Faustin Linyekula in Sur les trace de Dinozord. Credit: Agathe Poupeney

There is bountiful text, mostly spoken by Linyekula, but also writings by Antoine Vumilia Muhindo (“Vumi”), who actually appears live via Skype from Sweden where he is in exile after escaping from a Kinshasa prison while serving time for political crimes. Lines of text are projected on an elegant plywood panel, and are also beamed from a projector held by Linyekula and aimed at various surfaces in the theater. The countertenor Serge Kakudji sings lines from Mozart’s Requiem; the high melodic lines radiating from his athletic physique amplify the sense of disorientation. A line is repeated that the Requiem is one of the last flares of virtuosity, but apart from the process of mourning that it is meant to serve, it’s not clear the relation to the rest of what’s happening on stage. In fact, there are so many ideas coursing through the work that it’s difficult to focus on one in particular. 

The piece is heavily theatrical and text-based, but there are a few dance scenes that haunt the memory. Linyekula doffs his shirt, exposing a chalky cross on his chest, and begins his foxy prowl around a mound of papers and documents dumped out of a red metal trunk—supposedly the archive of the deceased writer Kabako. Sinking into his bent knees, yet light as a feather, he slinks and pulses in a circle around the trove, which emanates an aura of static ideas—perhaps squandered, perhaps preserved, awaiting discovery. The documents are dumped back into the suitcase, ready to be transported elsewhere; the men rotate their pelvises in an odd, silent synchronicity. And toward the end, Jeannot Kumbonyeki injects some visceral excitement in a virtuosic hip-hop inflected solo. It helps that he’s accompanied by Jimi Hendrix music rather than the somewhat emotionally confusing, and at times overlapping, classical strains which precede it.
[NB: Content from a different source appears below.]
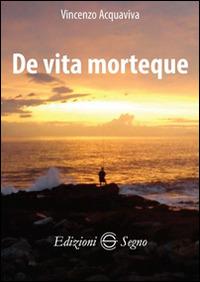 De vita morteque - Vincenzo Acquaviva - copertina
It is clear that Linyekula has plentiful stories to share, and he possesses a keen theatrical flair and aesthetic that is not out of place in New York’s more conceptual performance lairs. His piece at the Met succeeded because it zeroed in on a few ideas, and the artworks (disguised as props) paired with the choreography, told a compelling story. At the Skirball, a more complex political scenario unfolded, but was paired incongruously with Mozart. I suppose that’s the point, the tension between the “pinnacle” of western Classicism versus distant Congolese elements that were reminders of political strife. Fewer ideas here would help to focus the work, made by a prolific, at times poetic inventor whose emerging prominence on the international stage was reinforced this month with three separate events, including a larger group performance at Weeksville Heritage Center. No doubt we’ll have the chance to learn more from this intriguing voice.

Contributor

Susan Yung

SUSAN YUNG is a New York-based culture writer.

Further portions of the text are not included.